A quick and easy way to start is to offer the library your outdoor related magazines when you have finished reading them. Same with any of your outdoor related books. Better yet consider donating a subscription to Ranger Rick or one of the childrens oriented outdoor magazines.
Meet with the librarian and brain storm about possible programs and activities you can provide. Feeder Watch is an relatively low cost project to set up. Place a feeder or two in area where young patrons can watch and identify the birds. A small display of bird books and field guides nearby is also helpful. Not only does the library benefit, but by working with the youngsters we are help to build relationships with those same children.
I can't tell you how exciting it is to receive a phone call from one of my library kids saying " Miss Gretchen guess what I saw today!"
The National Wildlife Federation's BE OUT THERE program is full of great ideas and materials that can easily translate to a program for young library patrons. and virtually all state DNR's offer many free downloadable and printable activities and programs that can be used to fashion specific programs. Here in Illinois the DNR has been most generous with materials for programs
If your library does story hour, volunteer to be the story teller and pick a story that has to do with enjoying the outdoors. If your library offers a craft day, volunteer to help make milk carton bird feeders, or a similar project.
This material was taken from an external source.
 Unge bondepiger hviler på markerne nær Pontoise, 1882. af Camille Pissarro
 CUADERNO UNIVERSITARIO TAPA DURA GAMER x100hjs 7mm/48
Consider having a WILD Occupations day for the teen patrons. Gather up several of your contacts that have wild occupations and help the teens see what educational choices should be made and what occupations are out there.
Another fun activity is to "sponsor" a poster or art contest with an outdoor related theme. Followed by of course an exhibit of the young patrons work.
In today's struggling economy we have seen library patronage increase, buying books and reading materials have been removed from many family budgets, as has internet service. Your library can order many titles through interlibrary loan, and provide free internet access. Offer to build a list of good internet sites that relate to the outdoors that librarians can share with interested patrons.
As you can see, a little enthusiasm on your part makes the opportunities endless.
So my challenge to you my readers is to visit your public library, offer your services, and begin to help the children and adults in your community discover the importance of playing outside!